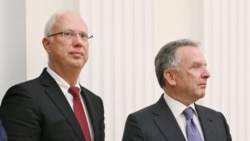 Кирилл Дмитриев (слева) и Стив Уиткофф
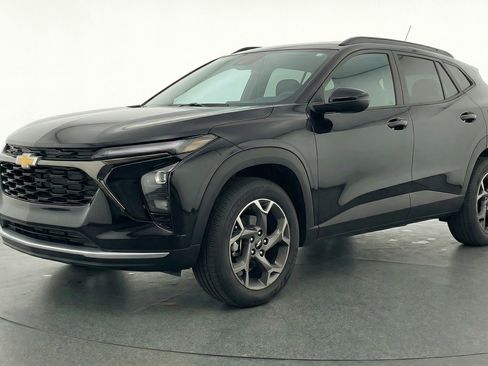 Used 2025 Chevrolet Trax LT w/ LT Convenience Package image 3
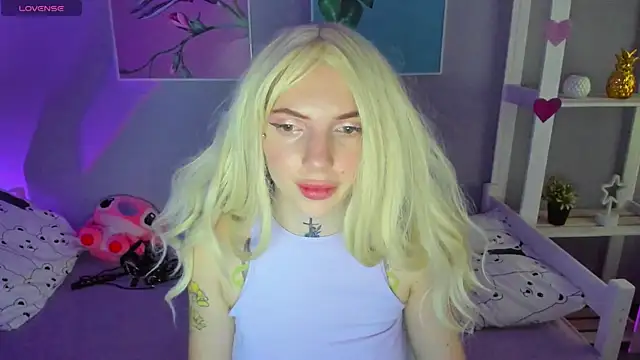 Snapshot of AnneTenet chatting on 14, 12, 2024 AnneTenet online show from 14, 12, 2024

● ● ● ● ● ● ●

== Task directions ==
An unchanged copy of the listing, with no pictures, should be returned.

== Response area ==
 Кирилл Дмитриев (слева) и Стив Уиткофф
 Used 2025 Chevrolet Trax LT w/ LT Convenience Package image 3
 Snapshot of AnneTenet chatting on 14, 12, 2024 AnneTenet online show from 14, 12, 2024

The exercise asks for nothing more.